:: DATASET CONTENT

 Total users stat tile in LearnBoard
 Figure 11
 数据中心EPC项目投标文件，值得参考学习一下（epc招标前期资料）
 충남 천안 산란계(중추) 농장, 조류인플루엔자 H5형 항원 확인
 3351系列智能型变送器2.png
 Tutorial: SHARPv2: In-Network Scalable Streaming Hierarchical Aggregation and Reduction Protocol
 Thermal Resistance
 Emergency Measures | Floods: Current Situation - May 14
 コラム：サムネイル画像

::::
:: DATASET CONTENT

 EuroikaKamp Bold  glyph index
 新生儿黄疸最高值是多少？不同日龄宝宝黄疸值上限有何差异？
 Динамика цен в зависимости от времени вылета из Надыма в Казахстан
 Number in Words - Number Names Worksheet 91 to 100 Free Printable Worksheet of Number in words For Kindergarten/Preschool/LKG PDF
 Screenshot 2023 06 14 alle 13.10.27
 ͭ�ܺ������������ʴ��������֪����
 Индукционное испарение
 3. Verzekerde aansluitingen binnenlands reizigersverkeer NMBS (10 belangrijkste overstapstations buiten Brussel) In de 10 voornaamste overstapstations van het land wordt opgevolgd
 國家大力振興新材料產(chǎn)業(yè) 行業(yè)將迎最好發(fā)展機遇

::::
:: DATASET CONTENT

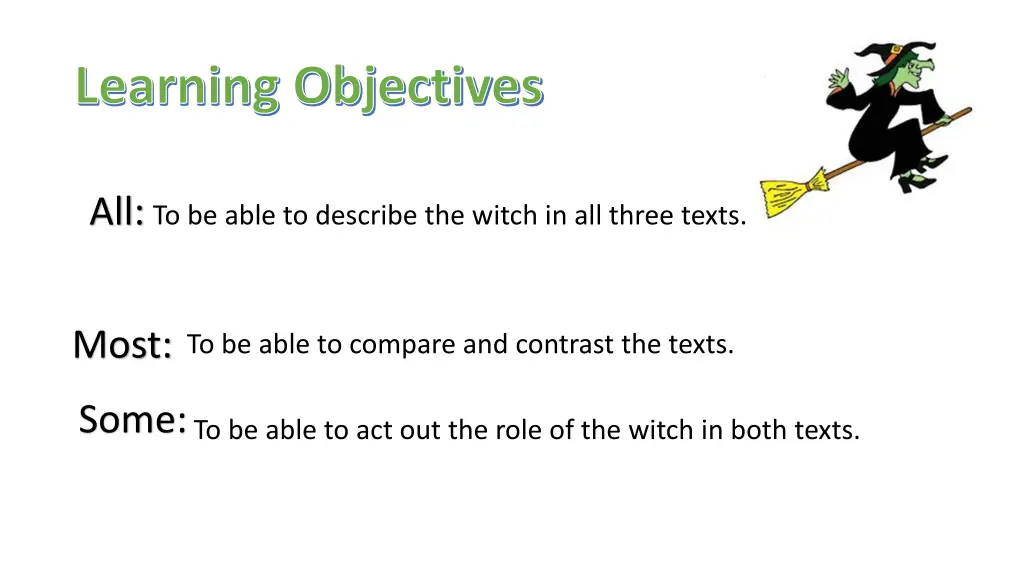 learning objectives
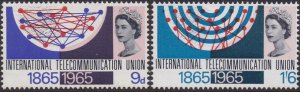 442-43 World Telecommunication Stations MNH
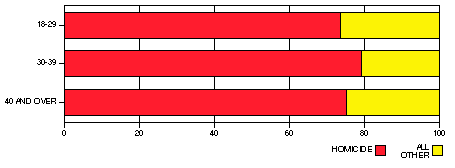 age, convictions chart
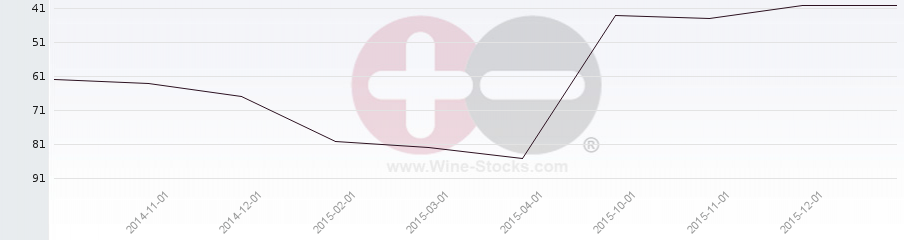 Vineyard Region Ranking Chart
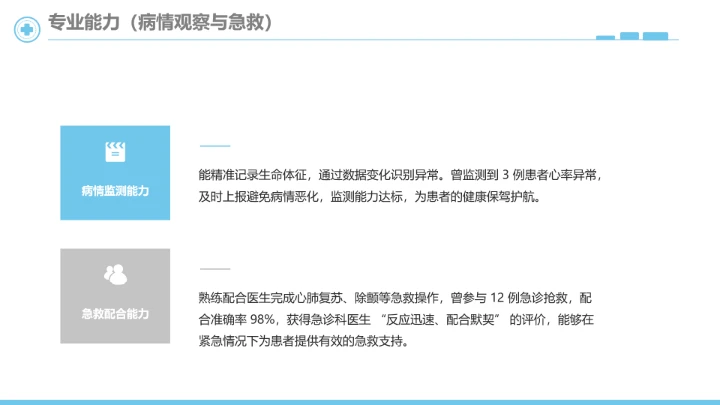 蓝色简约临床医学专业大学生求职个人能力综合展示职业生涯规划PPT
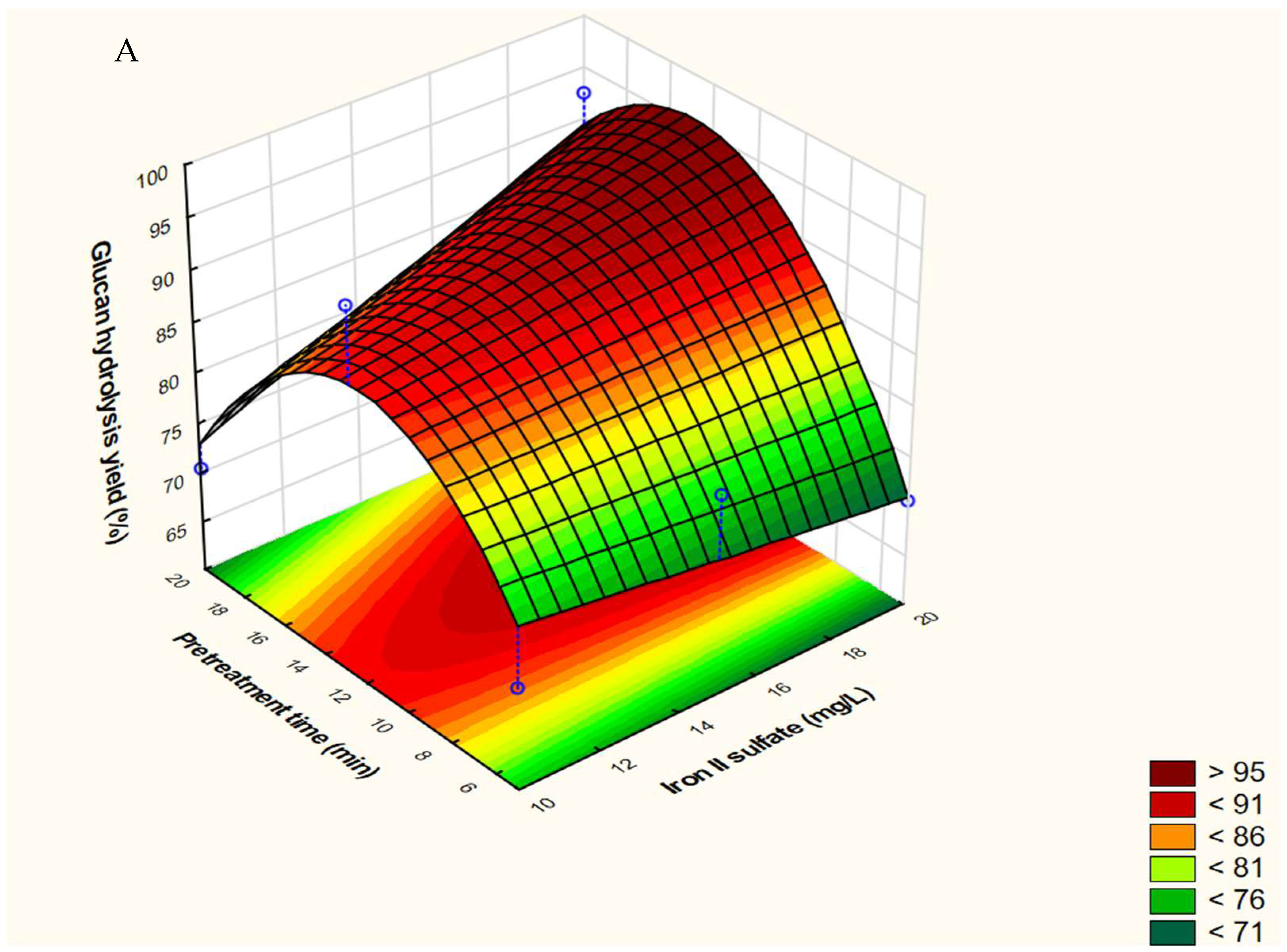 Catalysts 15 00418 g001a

::::

● **EXERCISE GOAL**
Print exactly the lines above that run from the one with "442-43 World Telecommunication Stations MNH" down to the one with "Catalysts 15 00418 g001a", and omit the pictures.

● **TASK ANSWER**
 442-43 World Telecommunication Stations MNH
 age, convictions chart
 Vineyard Region Ranking Chart
 蓝色简约临床医学专业大学生求职个人能力综合展示职业生涯规划PPT
 Catalysts 15 00418 g001a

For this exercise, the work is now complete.